PROMPT - From the first line of the records down to the one that holds "rất mạnh Phạm", transcribe each line exactly and add nothing.

INPUT DATA -
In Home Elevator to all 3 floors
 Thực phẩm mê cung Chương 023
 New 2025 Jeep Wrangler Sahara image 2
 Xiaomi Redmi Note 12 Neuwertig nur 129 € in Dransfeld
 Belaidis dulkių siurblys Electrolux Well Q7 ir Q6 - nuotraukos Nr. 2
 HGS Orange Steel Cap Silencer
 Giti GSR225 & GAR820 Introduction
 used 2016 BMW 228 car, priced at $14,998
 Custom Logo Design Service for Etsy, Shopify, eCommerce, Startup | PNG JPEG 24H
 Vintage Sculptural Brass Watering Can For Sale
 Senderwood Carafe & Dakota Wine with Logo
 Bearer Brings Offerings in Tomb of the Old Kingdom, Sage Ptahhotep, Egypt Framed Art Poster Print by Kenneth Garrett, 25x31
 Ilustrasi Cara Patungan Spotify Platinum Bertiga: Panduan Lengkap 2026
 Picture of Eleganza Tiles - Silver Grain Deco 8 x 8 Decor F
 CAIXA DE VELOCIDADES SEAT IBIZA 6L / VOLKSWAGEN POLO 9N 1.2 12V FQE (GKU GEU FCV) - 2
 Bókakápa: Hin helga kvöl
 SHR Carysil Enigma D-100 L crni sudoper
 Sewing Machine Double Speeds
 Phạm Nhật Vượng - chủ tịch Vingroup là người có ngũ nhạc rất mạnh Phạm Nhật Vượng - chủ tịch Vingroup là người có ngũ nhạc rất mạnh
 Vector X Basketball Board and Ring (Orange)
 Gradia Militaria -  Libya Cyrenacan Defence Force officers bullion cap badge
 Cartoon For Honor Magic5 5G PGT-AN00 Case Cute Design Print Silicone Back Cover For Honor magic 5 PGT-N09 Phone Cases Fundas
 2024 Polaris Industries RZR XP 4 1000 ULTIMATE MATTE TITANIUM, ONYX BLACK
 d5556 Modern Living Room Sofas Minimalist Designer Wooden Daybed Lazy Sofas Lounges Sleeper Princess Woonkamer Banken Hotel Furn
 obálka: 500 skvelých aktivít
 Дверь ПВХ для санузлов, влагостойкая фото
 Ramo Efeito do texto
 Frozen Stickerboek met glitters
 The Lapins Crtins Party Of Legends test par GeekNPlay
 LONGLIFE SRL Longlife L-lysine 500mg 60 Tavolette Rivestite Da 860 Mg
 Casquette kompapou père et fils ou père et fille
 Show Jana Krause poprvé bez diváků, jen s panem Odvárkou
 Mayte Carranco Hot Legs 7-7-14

WRITTEN RESPONSE -
In Home Elevator to all 3 floors
 Thực phẩm mê cung Chương 023
 New 2025 Jeep Wrangler Sahara image 2
 Xiaomi Redmi Note 12 Neuwertig nur 129 € in Dransfeld
 Belaidis dulkių siurblys Electrolux Well Q7 ir Q6 - nuotraukos Nr. 2
 HGS Orange Steel Cap Silencer
 Giti GSR225 & GAR820 Introduction
 used 2016 BMW 228 car, priced at $14,998
 Custom Logo Design Service for Etsy, Shopify, eCommerce, Startup | PNG JPEG 24H
 Vintage Sculptural Brass Watering Can For Sale
 Senderwood Carafe & Dakota Wine with Logo
 Bearer Brings Offerings in Tomb of the Old Kingdom, Sage Ptahhotep, Egypt Framed Art Poster Print by Kenneth Garrett, 25x31
 Ilustrasi Cara Patungan Spotify Platinum Bertiga: Panduan Lengkap 2026
 Picture of Eleganza Tiles - Silver Grain Deco 8 x 8 Decor F
 CAIXA DE VELOCIDADES SEAT IBIZA 6L / VOLKSWAGEN POLO 9N 1.2 12V FQE (GKU GEU FCV) - 2
 Bókakápa: Hin helga kvöl
 SHR Carysil Enigma D-100 L crni sudoper
 Sewing Machine Double Speeds
 Phạm Nhật Vượng - chủ tịch Vingroup là người có ngũ nhạc rất mạnh Phạm Nhật Vượng - chủ tịch Vingroup là người có ngũ nhạc rất mạnh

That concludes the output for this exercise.